Trials and Tribulations

This was supposed to be a quick build of one of my one-tube-clocks, with a few tweaks to try and improve some of the features. This is what an earlier version looked like:

All my other builds had taken around 3 hours, and the worst that went wrong was a few dry joints. This build was very different:

  1. I had three attempts at getting the solder paste applied – that is three complete wipes and restarts.  It kept smudging, or leaking onto adjacent pads. This was an omen.
  2. Finally I had something I could work with, but I had to touch up some teeny tiny pads on the CP2102N footprint – a QFN28. They were right next to a trace I had cut. I got solder-paste in the cut. I had to get it out, otherwise it would short the two halves of the trace back together.

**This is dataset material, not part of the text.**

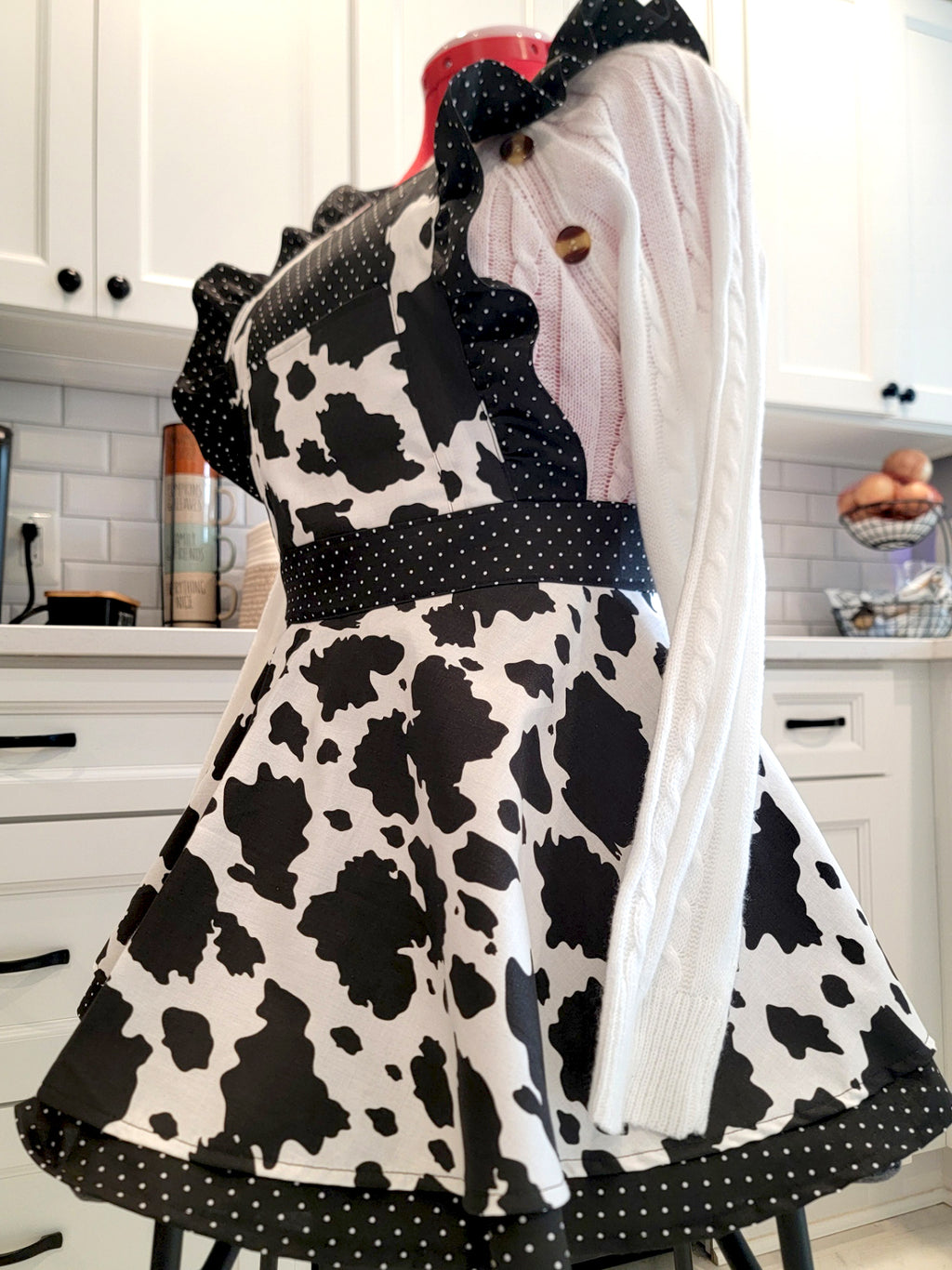 Cow Vintage Ruffle Pinafore Apron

Cue some very fiddly cleaning using a magnifier.
  3. Finally got everything in place, and transferred the board to my hotplate. It was almost cooked and I realized I had forgotten a component, so I had to take it off and let it cool and then add the missing component.

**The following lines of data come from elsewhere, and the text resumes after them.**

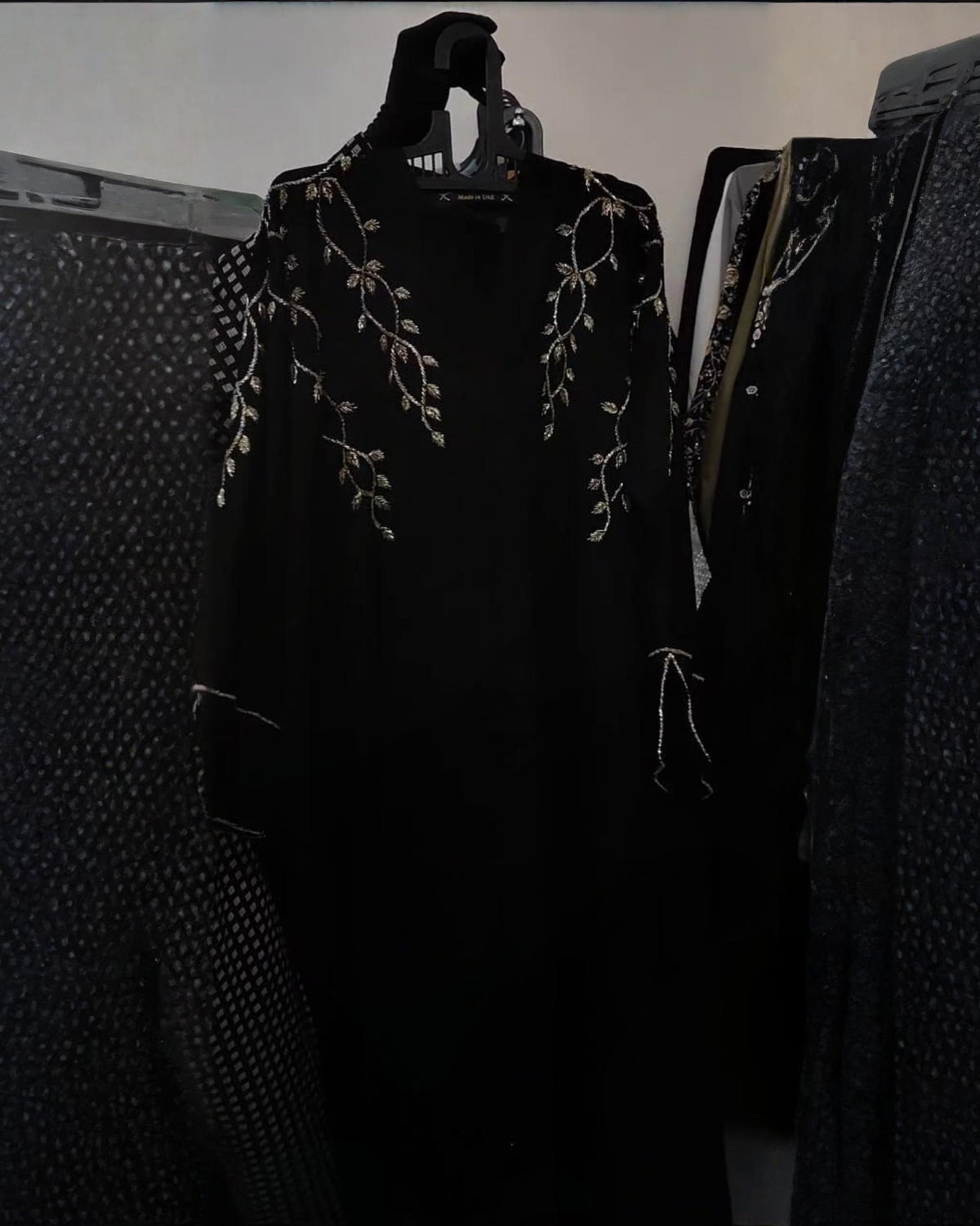 Premium Classic Black Qatri Nida Farbic Hand Work Abaya With Dupatta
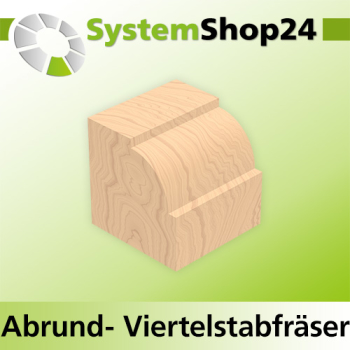 Systemshop24 Abrundfräser und Viertelstabfräser Kombination mit Achswinkel und Kugellager HM Z2 D42,7mm AL22,2mm (7/8") R15mm GL65mm S8mm RL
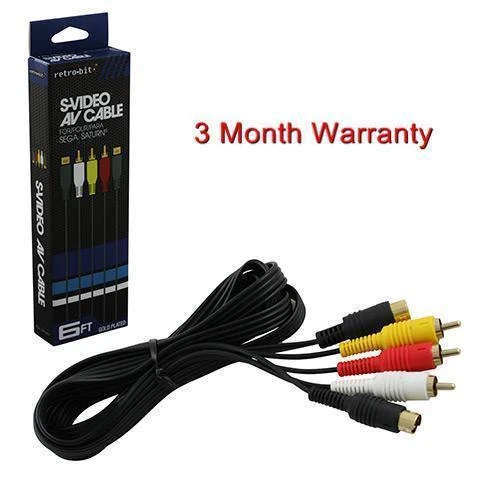 New Gold Plated SAV RCA Video Audio Composite Cable for Sega Saturn S-Video AV - Image 1 of 1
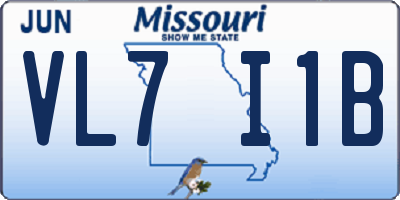 MO license plate VL7I1B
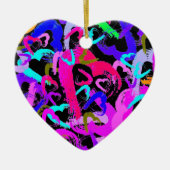 Abstrakt Hearts Keramik Ornament (Vorne)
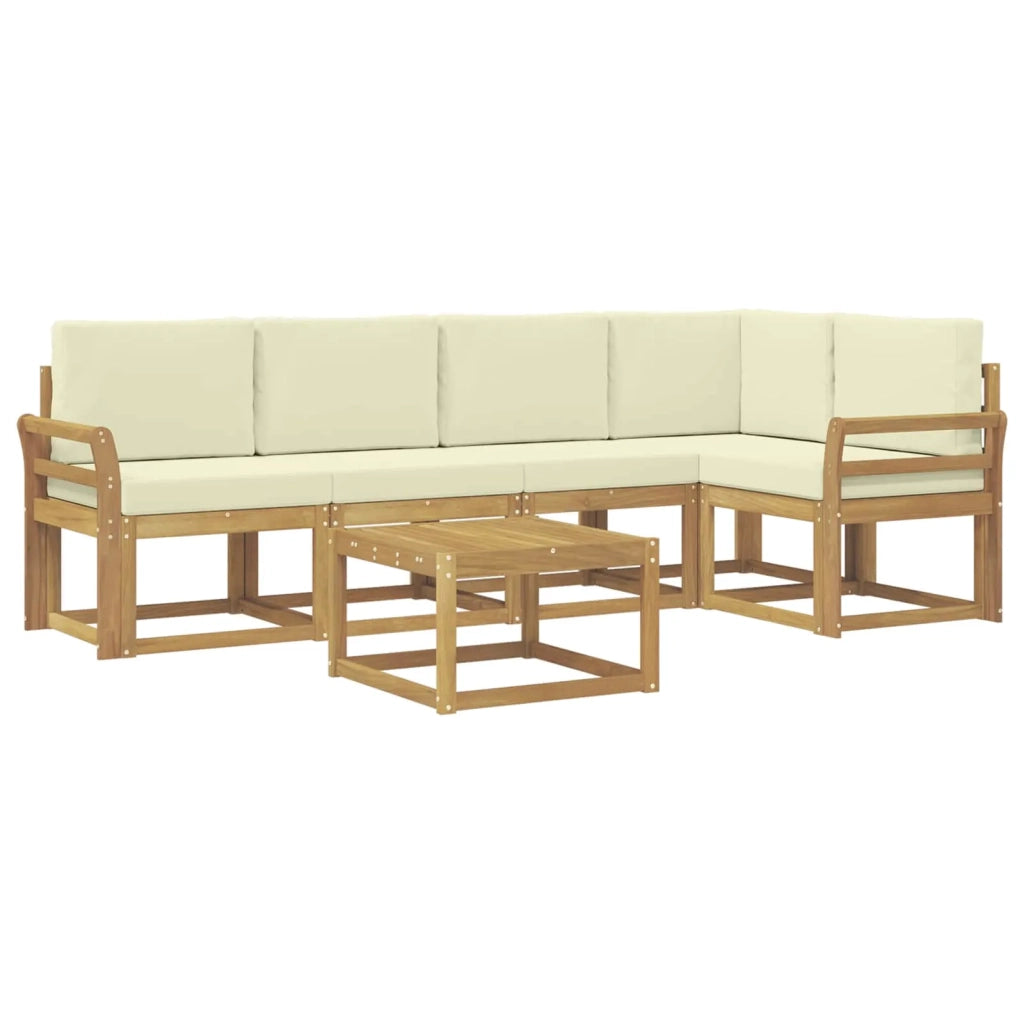 Set di divani da esterno 6 pz Bianco e Crema 3387664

  4. When transferring the board back to the hotplate, I spilled the whole lot on the floor! Fortunately most stayed put, but I had to spend quite a bit of time inspecting things to make sure it was OK, moving some items back into place, and replacing others that had vanished into the carpet.
  5. Second cooking. Looking good.
  6. First test: Plug it into a USB port on my computer. No beeping sound. Nada. I check voltages on the board in a few places, they are all fine, what is going on? I decide to try another device in the same USB port. Nothing. Now this is worrying: had I blown the port? Then I remembered I had the laptop connected to bluetooth audio. The receiver was switched off. So I disconnected bluetooth and plugged my second device into the USB port to check the port, nice noise, port was fine. Now I’m thinking that my new board is probably fine too. Plug that in, no noise. Nada. So, check the soldering. Looks fine, but I touch up the pins on the USB/UART chip that handle the USB connections and now I get the happy sounds from the laptop, so I solder on some indicator LEDs and some connectors.

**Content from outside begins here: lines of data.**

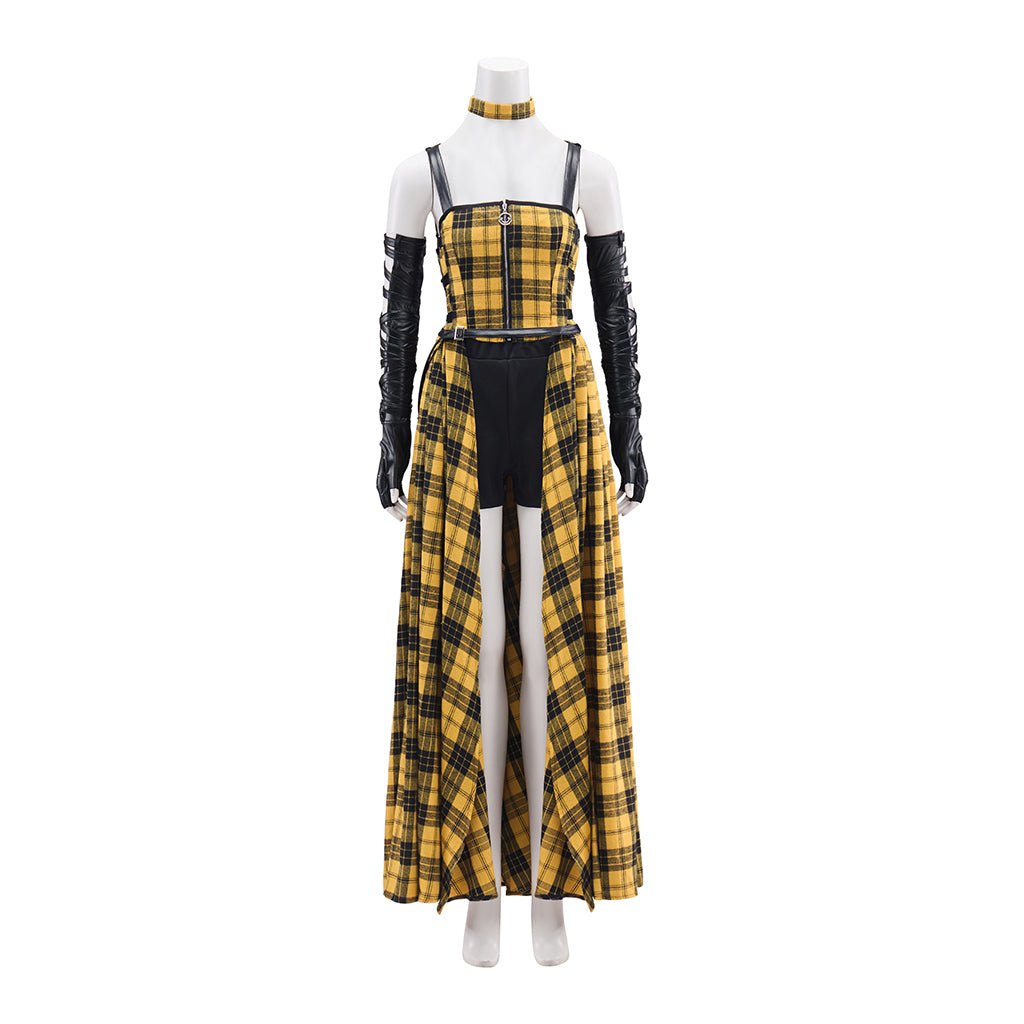 Vestido Longo Xadrez Amarelo Punk Rock com Mangas de Couro para Mulheres - Estrela Cosplay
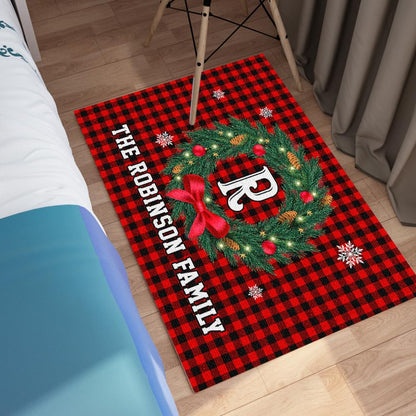 Personalized Christmas Doormat with Custom Family Name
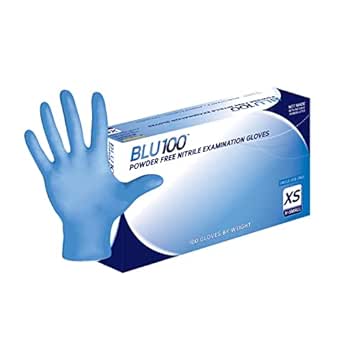 Dash BLU100 Nitrile Exam Gloves - Light Blue - 4.3 mil - Box of 100 (XS)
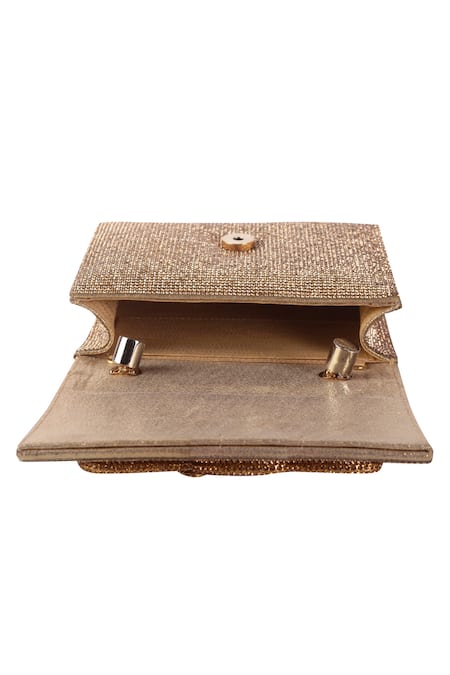 Buy_Nazaakat By Samara Singh_Brown Glitter, Bows Embellished Flap Bag With Detachable Handle _Online_at_Aza_Fashions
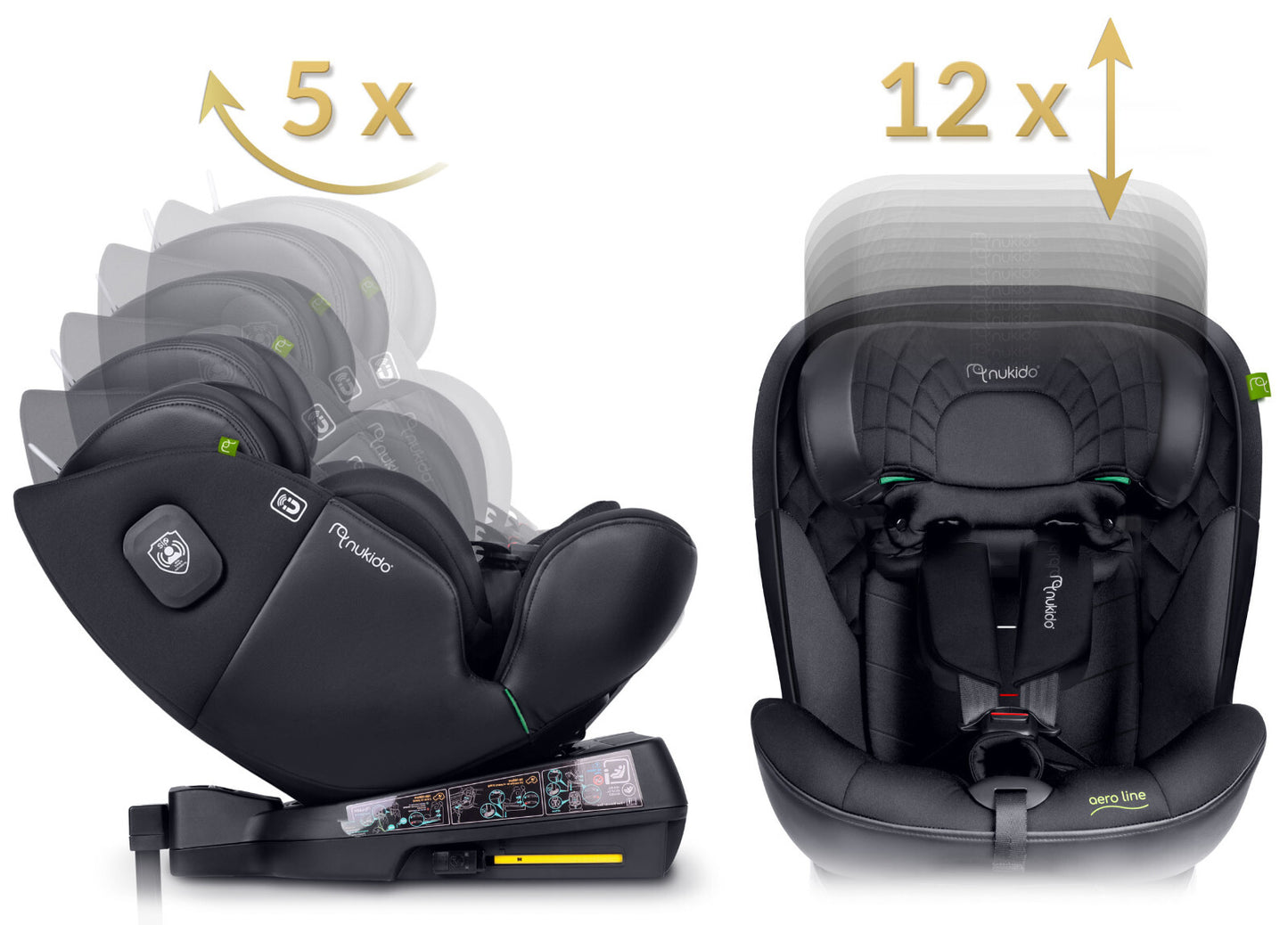 NUKIDO 360° rotating car seat with ISOFIX &amp; footrest – Group 0–II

  7. Next test: Program the ESP8285 on the board. No go. Laptop can’t talk to the ESP8285. I spent quite a while trying to trouble-shoot this. I touched up the pins on the USB/UART chip that interface to the ESP8285. No difference. I wondered if maybe the second cooking had broken the ESP. It looked like there was a blister on it. However I figured I should check some of the signals on the ESP, so I start counting clockwise from pin 1. When I got to the pin that should have been GPIO0, something didn’t seem right. It shouldn’t have been on that side of the board. Then I realized: I had soldered the chip on the wrong way! Arghhhhhh. I was resigned to just salvaging what components I could on the board and throwing it away, but I was tempted to heat the board back up again, pull the ESP and solder a new one on. To do that I would have to unsolder those connectors and LEDs. Not a trivial task. Then it occurred to me: I have a heat gun (not one specific to PCB work, just a regular old heatgun like you might use for stripping paint). I figured I might as well see if I could use it to de-solder the ESP, and amazingly it worked. I fitted a new chip in the right orientation and used the heat gun to solder it. I tried to program it again, and it worked! I can connect to my web server running on the ESP and mess with the controls.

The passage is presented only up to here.